Да, это была Фатима. Она сразу увидела белую юрту посреди цветущей степи, сердце у неё ёкнуло, встрепенулось: «Мой Батыр, мой желанный...» Взмахнула камчой, но кони и так неслись скользящим намётом. Фатима резким рывком поводьев наборной уздечки осадила стремительный бег жеребца возле вышедшего из юрты человека, легко соскочила с седла и прямо влетела к нему в объятья. Батыр прижал её голову к своей груди, потом легко приподнял женщину и, молча, глотая счастливые слёзы, внёс в белую юрту.
В этот день до самого захода солнца они не выходили из неё... Лишь тургауды с улыбкой взирали на плотно запахнутый полог — и долго ещё светились вечером костры: Батыр разрешил воинам длительный отдых и повелел выдать к ужину каждому по пиале кавказского вина.
Было что порассказать Фатиме Батыру: несказанно обрадовался муж тому, что простил его жену Мамай, но особенно поразила битакчи пламенная любовь великого к Белому Лебедю и большая скорбь повелителя на Маукургане.

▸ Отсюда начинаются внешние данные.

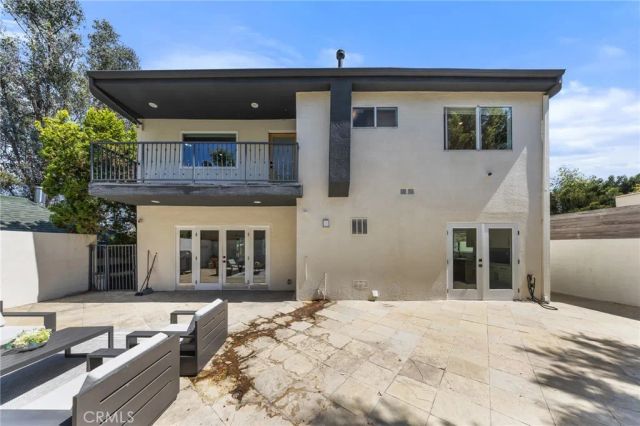 2927 Park Center, Los Angeles, CA 90068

И в честь своего благодетеля приказал Батыр насыпать за две ночи и один день холм. Носили для него землю воины и шлемах с берега Итиля и, когда он был готов, у реки образовалась излучина.
Приказав воздвигнуть холм, Батыр преследовал не только одну цель — угодить «царю правосудному», поблагодарив за дарованную жене жизнь, но и показать, как велико воинство, приведённое им с Кавказа.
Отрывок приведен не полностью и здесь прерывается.